::: Source data :::

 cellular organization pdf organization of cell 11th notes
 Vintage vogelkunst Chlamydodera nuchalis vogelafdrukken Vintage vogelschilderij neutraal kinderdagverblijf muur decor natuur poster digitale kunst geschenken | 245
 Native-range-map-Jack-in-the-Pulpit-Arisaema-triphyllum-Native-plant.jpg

:::
::: Source data :::

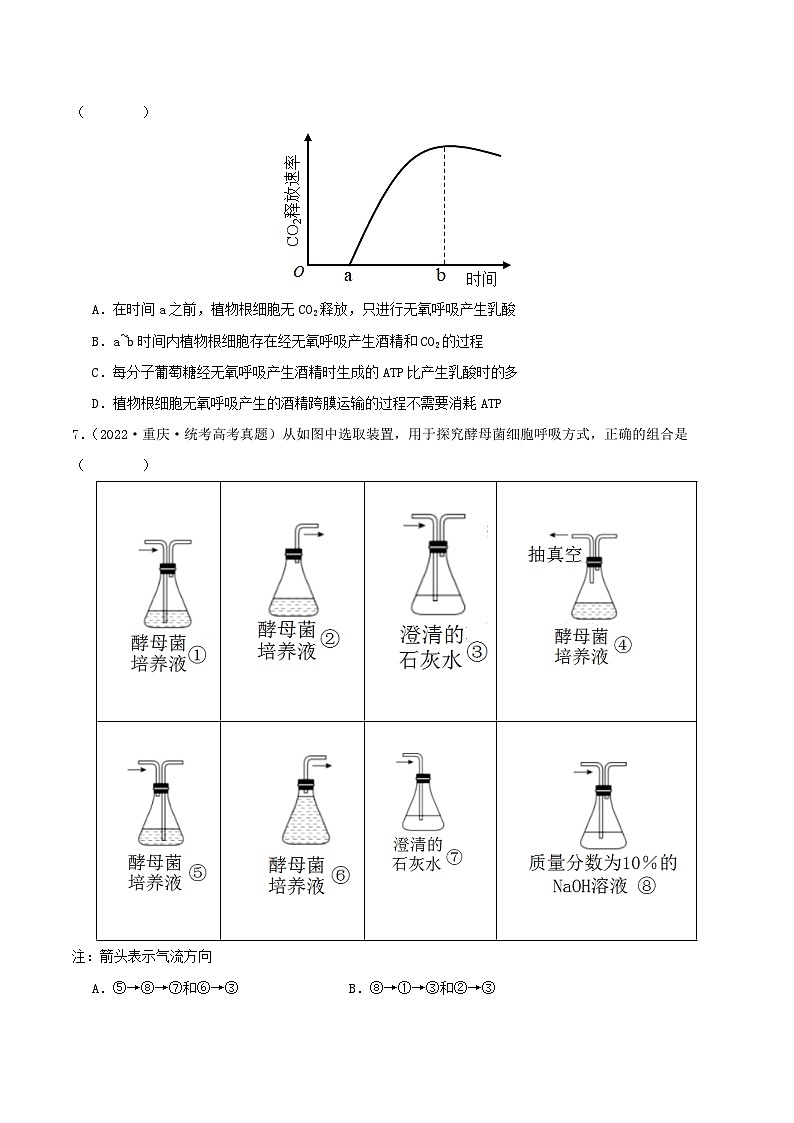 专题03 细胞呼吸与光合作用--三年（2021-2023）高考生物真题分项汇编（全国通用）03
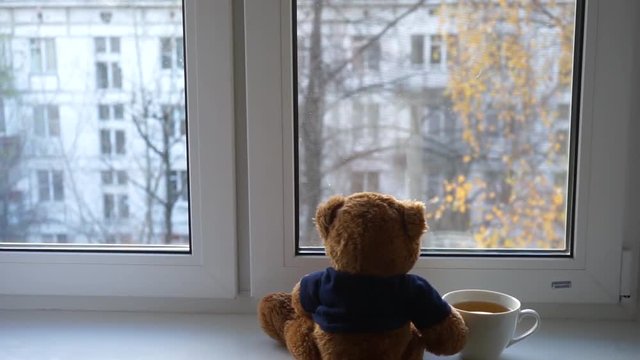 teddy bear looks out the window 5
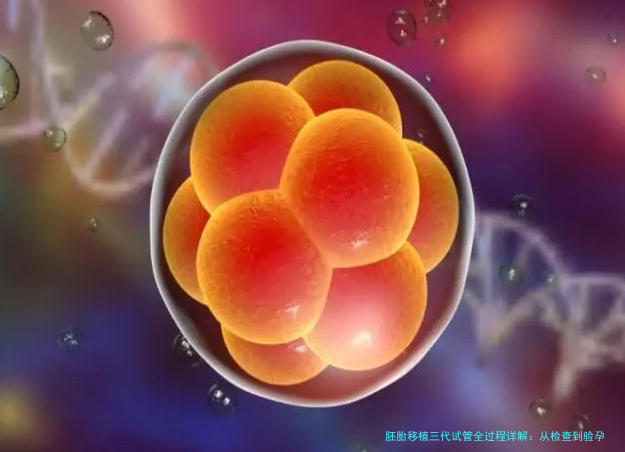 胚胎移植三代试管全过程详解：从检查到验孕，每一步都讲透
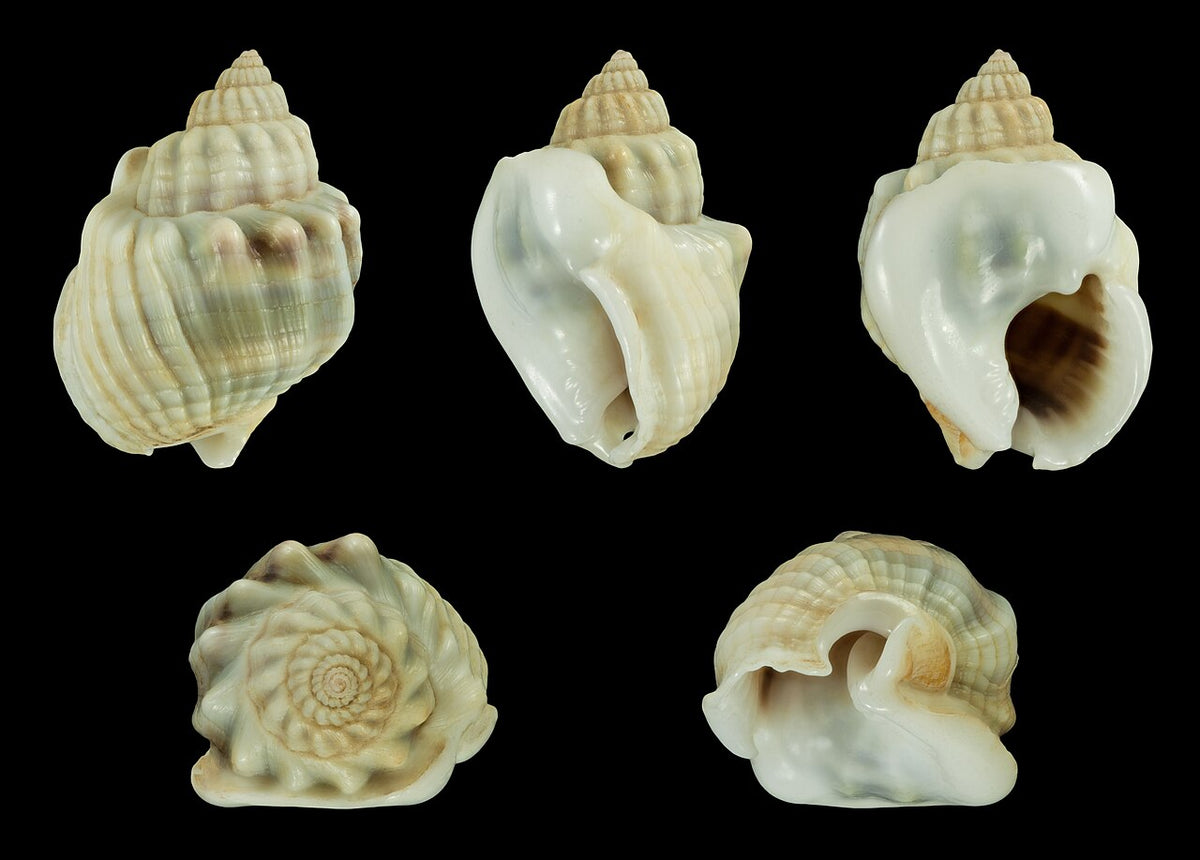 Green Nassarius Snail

:::

| Your assignment |
In the records above, find the line containing "专题03 细胞呼吸与光合作用" and the line containing "Green Nassarius Snail", then give both of them again word for word along with every line between. Omit any pictures.

| Task answer |
 专题03 细胞呼吸与光合作用--三年（2021-2023）高考生物真题分项汇编（全国通用）03
 teddy bear looks out the window 5
 胚胎移植三代试管全过程详解：从检查到验孕，每一步都讲透
 Green Nassarius Snail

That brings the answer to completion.